A pyrometer is a type of remote sensing thermometer used to measure the surface temperature based on the amount of thermal radiation. Various forms of pyrometers have historically existed. In the modern usage, it is a device that determines the surface temperature of a material at a distance based on the spectrum of the thermal radiation it emits.

Emissivity

Pyrometers are IR temperature sensors that use a setting called emissivity to relate IR energy to temperature. Emissivity is determined by a materials ability to radiate heat energy relative to a black body, and is given as a constant between 0 and 1. An ideal black body emits thermal radiation at around 448Watts per square meter at 25C, and materials are rated on how they compare.

For example a black surface will emit better than a white surface. Keep in mind that ideal back bodies absorb all light such that only the heat energy is being emitted. White objects reflect light along with the heat emission reducing the heat signature. Shiny reflective surfaces are even lower in emissivity because of this property. Metals like gold and silver can be more difficult to measure because of their low emissivity.

By Hedwig Storch CC BY-SA 3.0

Advantages of Non Contact Measurement

Temperature is one of the most common quantities measured, second only to time. While the contact methods mention in the prior post are effective, there are many advantages to non contact temperature measurement.

Speed: The IR detectors respond to the light energy in fractions of a second (mili-seconds typical), and do not require conduction to transfer energy.

Moving Targets: Materials moving on a conveyor belt can be measured without contact.

Hazardous Environments: The temperature of hazardous and physically inaccessible objects like high voltage components can be measured at a safe distance.

High Temperatures: The contact methods cannot handle environments above 1300°C, but using the emitted IR energy allows measuring temperature in excess of 1300°C without issue.

Non Invasive In most cases measuring a quantity causes a change in the quantity. However using emitted IR energy for temperature allows the temperature to be measured without any impact. In other words using a pyrometer prevents any loss of energy from making a measurement.

For example IR pyrometers are used in furnaces because of both the high temperature and lack of accessibility. A pyrometer, also called a radiation thermometer, is used to monitor the temperature of items that are changing phases from liquid to solid. This can be as simple as monitoring the temperature of a varnish drying without scratching the surface.

By Trotec-gmbh Public domain

Considerations

The detector is defined as the measurement device and the target is the device under test. Special considerations are required when measuring targets that have background energy that interfere with the thermal signature. For example if the target is much cooler than the background, the background must be insulated. Other considerations involve the medium between the detector and the target. For example particles like dust should be filtered as not to obstruct the signature of the target.
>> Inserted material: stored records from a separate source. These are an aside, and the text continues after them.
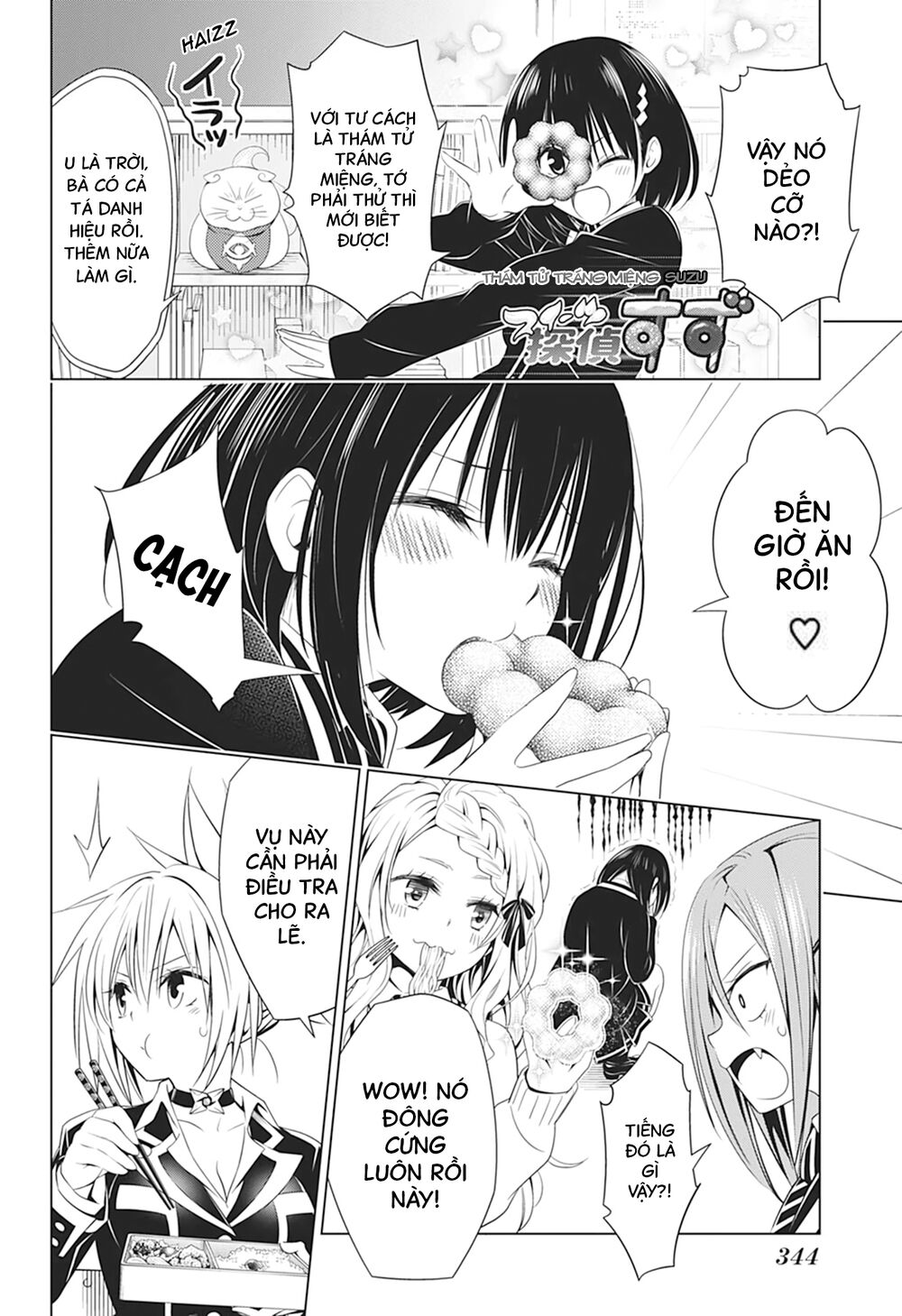 diệt quỷ nhẫn giả chapter 36 4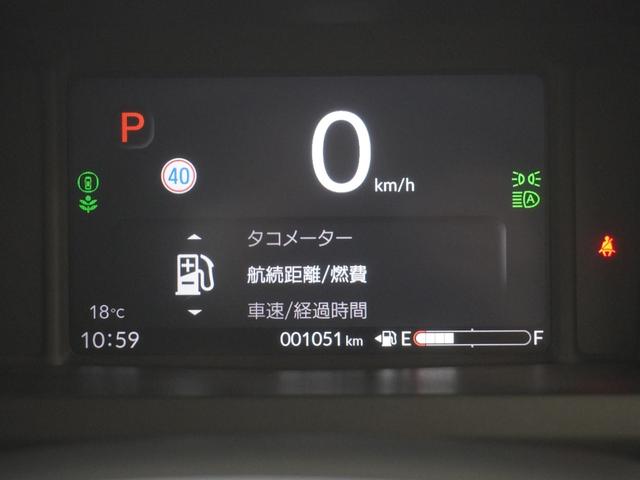 N-BOX ファッションスタイル 当社デモカー 9インチホンダコネクトナビ シートヒーター 両側電動スライドドア ホンダセンシング LEDオートライト オートハイビーム 渋滞追従機能付きACCレーンキープアシスト バックカメラ 禁煙(16枚目)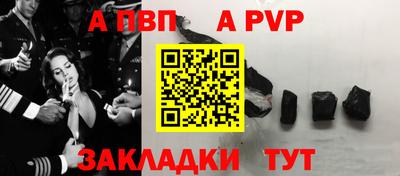 бошки Дубна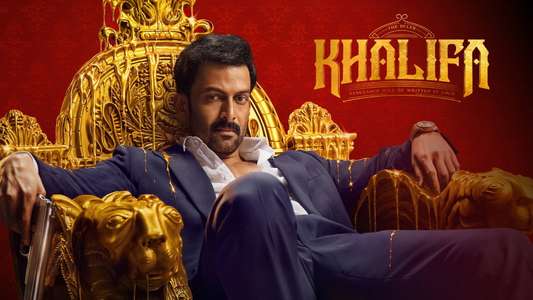 Khalifa Part 1 - Backdrops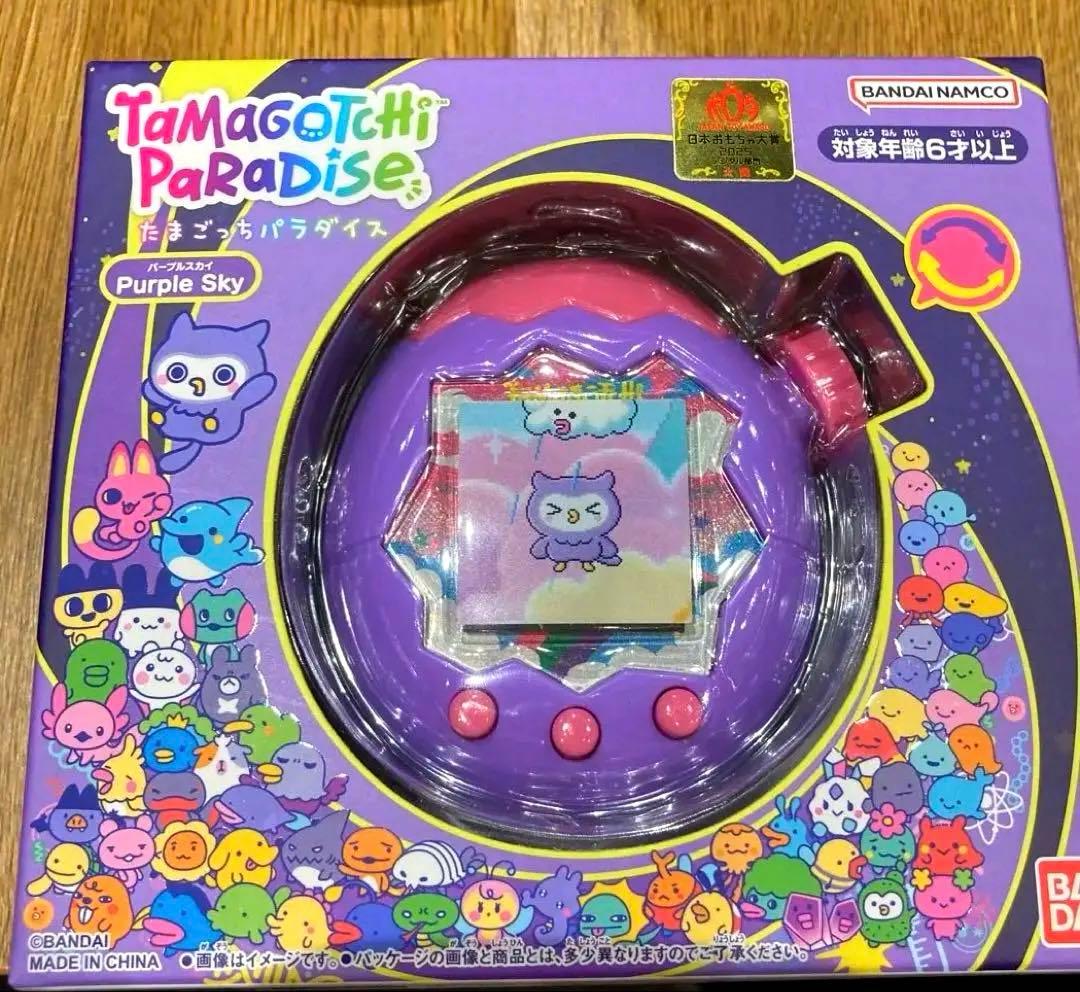 【新品未開封品】BANDAI たまごっちパラダイス　パープルスカイ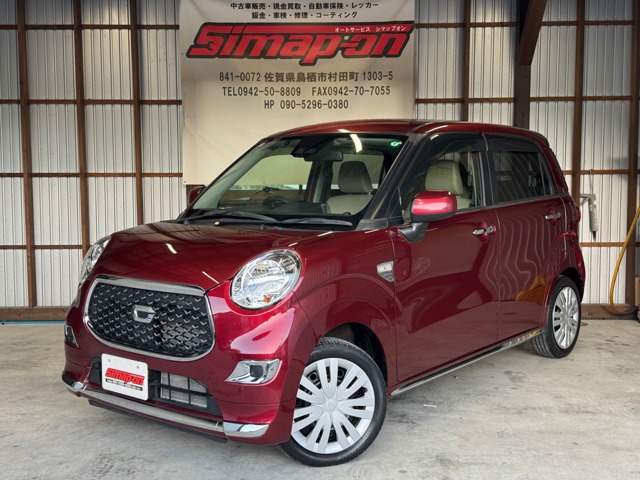 キャスト(ダイハツ) スタイル X リミテッド SAIII　禁煙車 BluetoothオーディオTV 中古車画像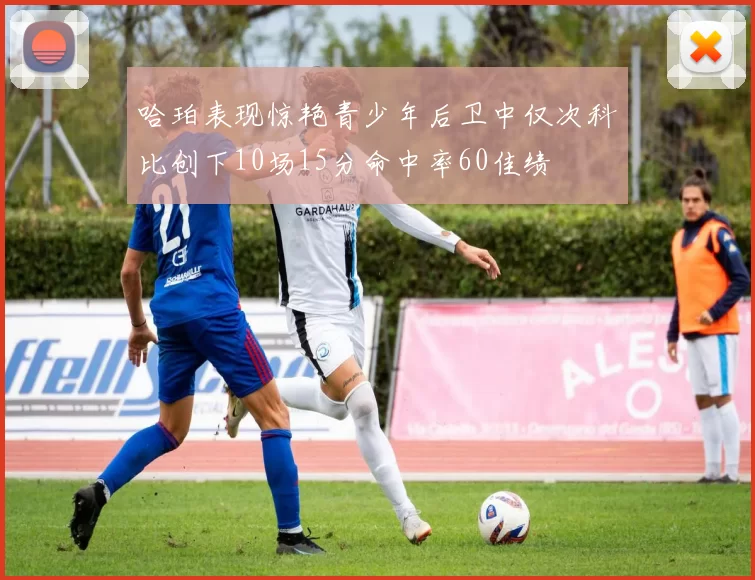 哈珀表现惊艳青少年后卫中仅次科比创下10场15分命中率60佳绩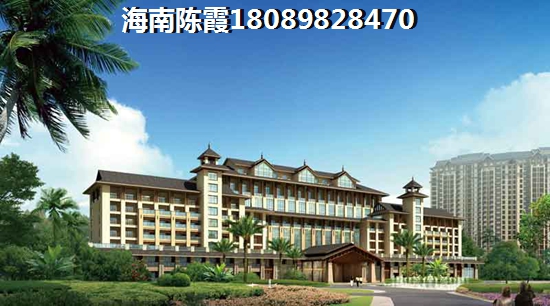 合隆·華府樓盤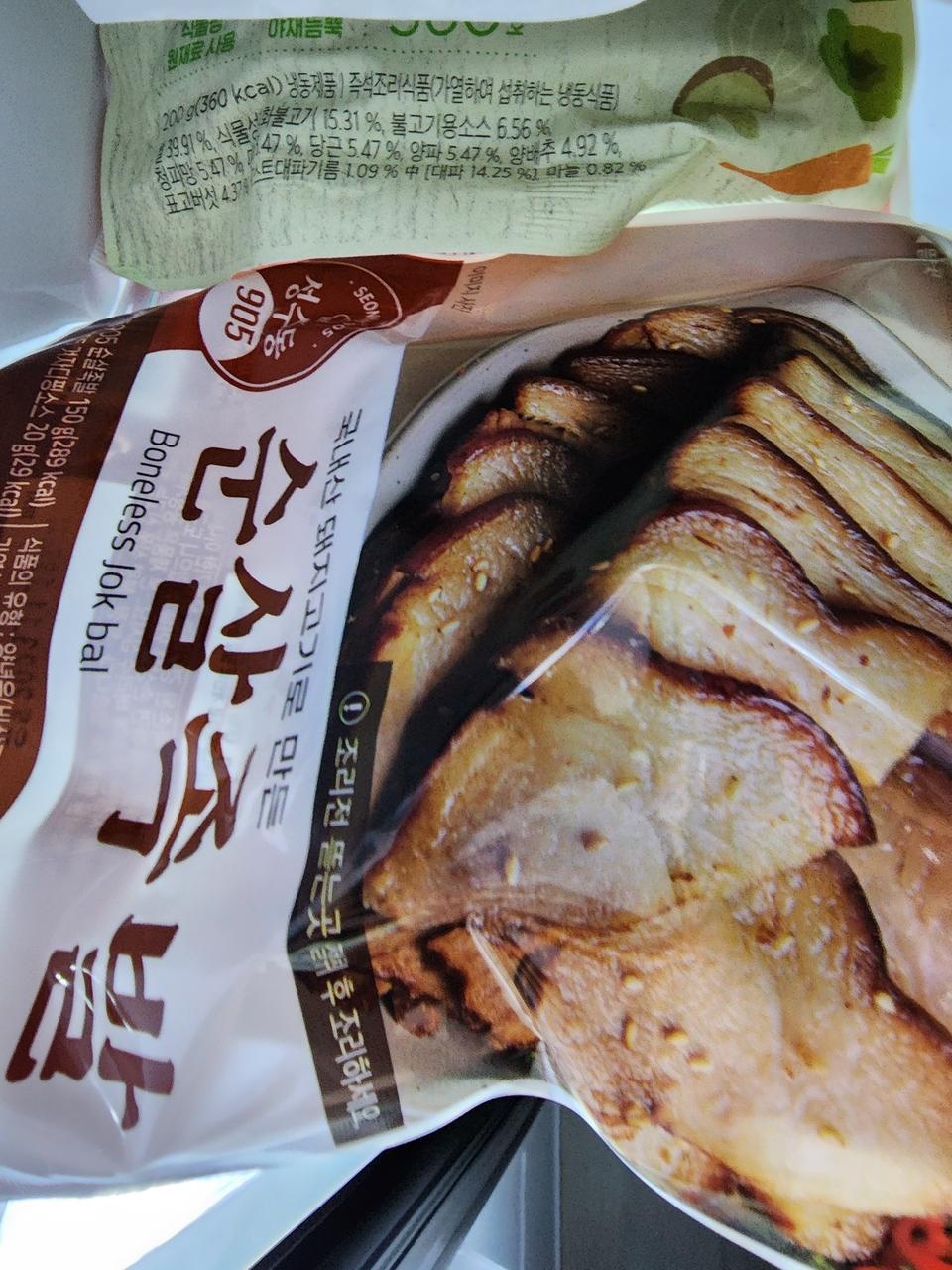 엇...너무 맛있네요...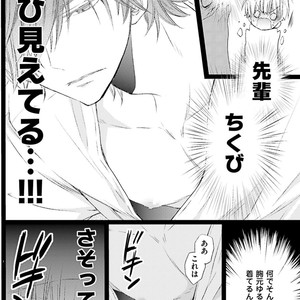 [MISHIMA Kazuhiko] Seiheki Strike [JP] – Gay Manga sex 75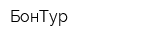 БонТур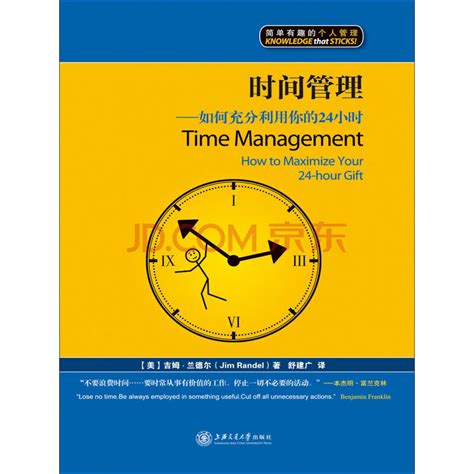时间管理：如何充分利用你的24小时_PDF电子书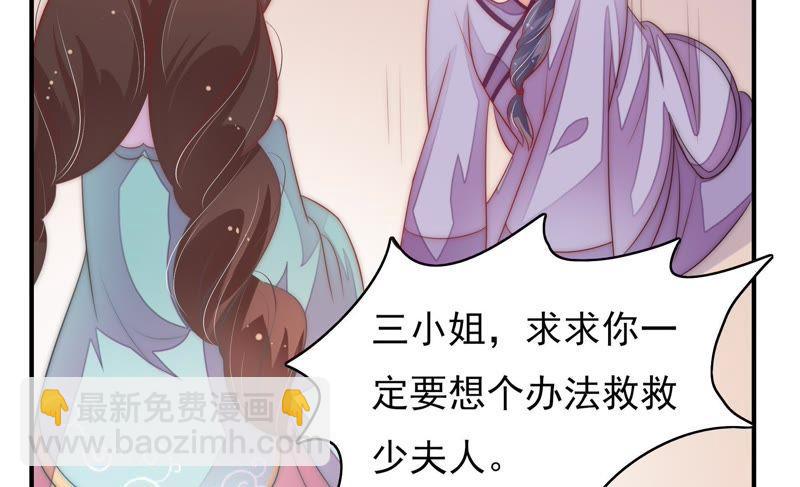 第49话 秘密跟踪33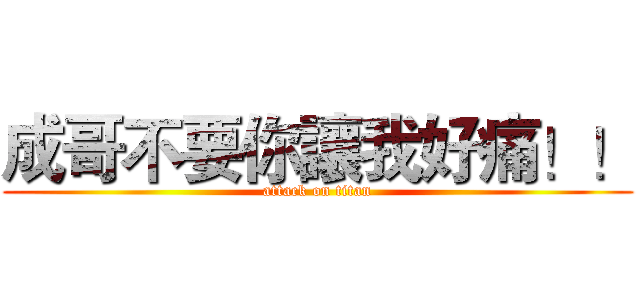 成哥不要你讓我好痛！！ (attack on titan)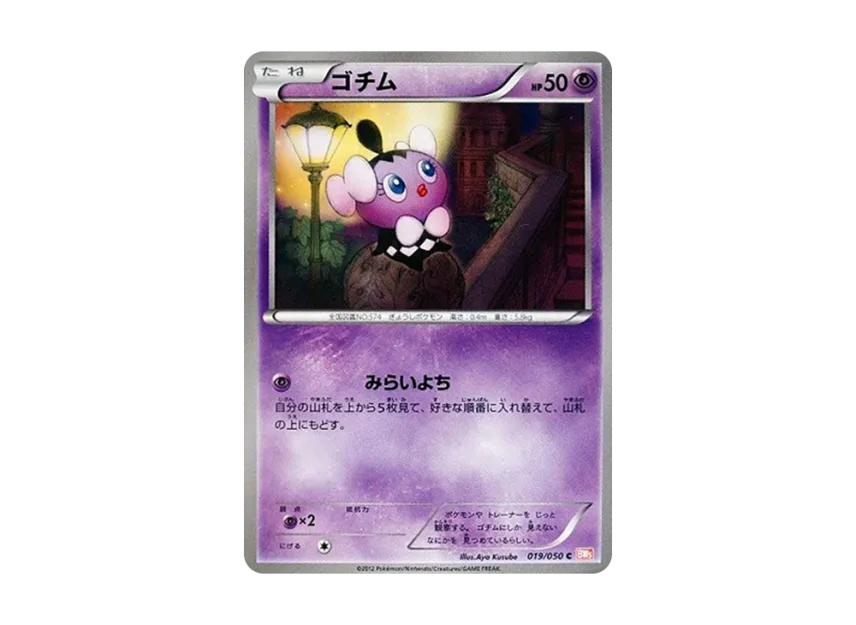 Gothita C [BW5-RYUNO-BLADE 019/050] (Expansion Pack "Ryuno Blade")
IR energy is not one fixed wavelength, and there are detectors available that focus on two or more wavelengths. The science of thermal radiation is responsible for the development of pyrometry.

Conclusion

The scope of this post is to communicate how pyrometers measure temperature based on the IR energy that is emitted because of heat. A key term mentioned is emissivity, in that the target being measured is emitting the heat signature. For example some IR detectors have laser pointers, and it is important to note the laser pointer is not making the measurement. The measurement is form the thermal energy being emitted, and the pointer is used to position the instrument.